Now I decided to try and focus on the longer stuff since anything that was a little bit lower power and over 20 minutes was pretty neglected.
What does bikeforums think of my 2 month training plan? I tried to sustain 1% increases every week over the next 2 months. Is this doable? My legs only have like a year and a half of riding on them, so this will be the best fitness I've been in. Is there anything Im missing in there?
Here is the link:
https://spreadsheets0.google.com/pub...=0&output=html
I'm not so good at the actual racing part, but i do have a few suggestions for the planning part:
-you have a power meter, and you probably have by now a good idea of TSS associated with each type of work out. Instead of still planning by time, i'd plan by TSS. Have a column for planned TSS, ATL, CTL, and TSB; and one for the actual values. You can now adjust how much you do depending on whether you want to build ATL or minimize TSB (aka a taper). If you want, i can show you the home-made tracker that i have.

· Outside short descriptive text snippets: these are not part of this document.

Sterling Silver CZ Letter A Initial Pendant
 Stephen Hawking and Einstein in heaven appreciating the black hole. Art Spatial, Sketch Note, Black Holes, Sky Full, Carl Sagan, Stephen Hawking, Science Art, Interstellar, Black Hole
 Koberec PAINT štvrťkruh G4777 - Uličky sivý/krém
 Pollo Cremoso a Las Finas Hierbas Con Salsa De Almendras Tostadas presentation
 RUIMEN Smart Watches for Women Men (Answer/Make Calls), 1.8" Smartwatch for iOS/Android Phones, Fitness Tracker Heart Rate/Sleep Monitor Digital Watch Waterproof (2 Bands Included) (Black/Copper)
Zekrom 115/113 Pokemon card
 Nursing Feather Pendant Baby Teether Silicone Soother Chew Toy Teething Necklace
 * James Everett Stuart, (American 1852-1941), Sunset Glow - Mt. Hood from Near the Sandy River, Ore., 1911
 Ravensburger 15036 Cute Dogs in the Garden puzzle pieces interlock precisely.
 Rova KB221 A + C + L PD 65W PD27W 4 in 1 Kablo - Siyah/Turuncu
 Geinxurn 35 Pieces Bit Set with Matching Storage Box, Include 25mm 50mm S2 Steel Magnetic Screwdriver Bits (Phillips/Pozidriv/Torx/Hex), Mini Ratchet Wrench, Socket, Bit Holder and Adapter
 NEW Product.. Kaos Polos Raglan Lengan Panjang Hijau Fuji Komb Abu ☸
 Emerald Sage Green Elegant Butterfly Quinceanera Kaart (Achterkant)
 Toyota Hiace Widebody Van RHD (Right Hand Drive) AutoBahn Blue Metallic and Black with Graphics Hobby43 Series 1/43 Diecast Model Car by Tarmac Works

-What are the TSS of each of your past four weeks? Your on weeks have probably a TSS of 1100/week, and your rest week seems to give you a weekly TSS of ~800, which may or may not be adequate rest depending on your current CTL level. What's your current TSB? I know these are semi-quantitative numbers, but they are still better than nothing when it comes to periodizing a training plan
-your 15' best is most likely not representative of a potential 15' best as you are constantly trying to shoot for PB, and that can't be good for form; ditto for your 20' best. I also noticed that you are testing for 15' and 20', but i think you'd be better served to test 5' and 20' on the same day to get a better gauge of things. Do these after a real rest week.